PROBLEM TO WORK ON: Copy exactly the line containing "多肉白花小松如何繁殖 (白花小松的养殖方法和注意事项)" and all the lines that follow it to the end of the records, minus the pictures.
** EXTRACTED RECORDS follows **
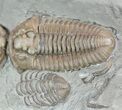Pair Of Prone Flexicalymene Trilobites In Shale - Ohio #52204-3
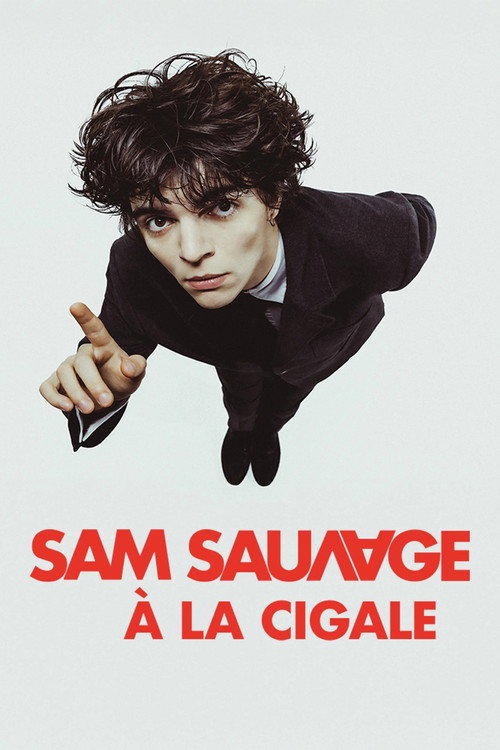 Sam Sauvage à La Cigale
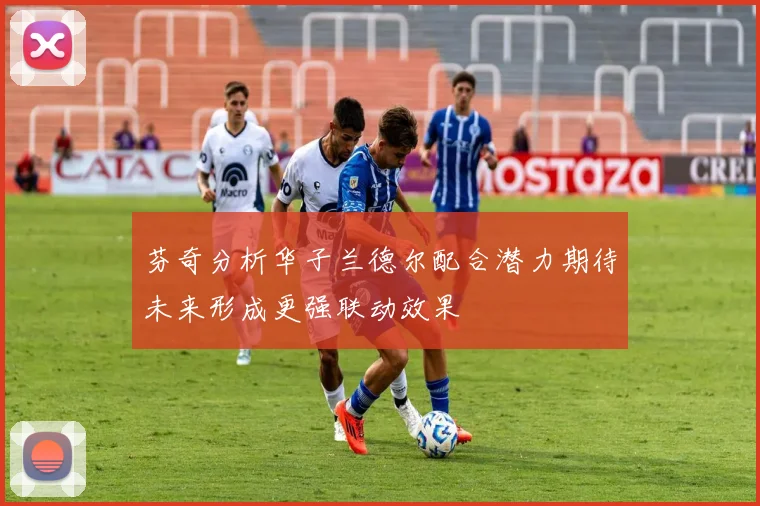 芬奇分析华子兰德尔配合潜力期待未来形成更强联动效果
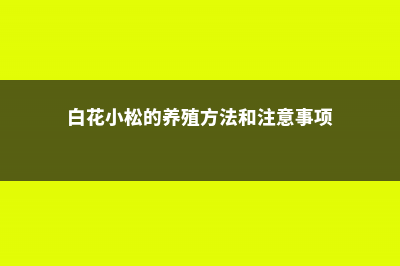 多肉白花小松如何繁殖 (白花小松的养殖方法和注意事项)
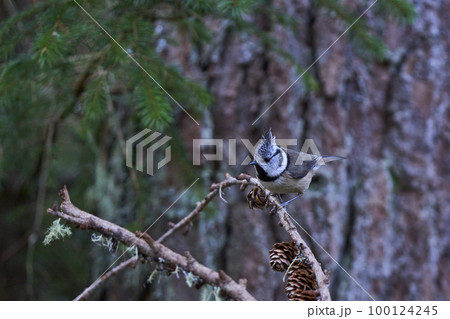 Crested Tit 100124245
** End of EXTRACTED RECORDS **
EXERCISE SOLUTION:
 多肉白花小松如何繁殖 (白花小松的养殖方法和注意事项)
 Crested Tit 100124245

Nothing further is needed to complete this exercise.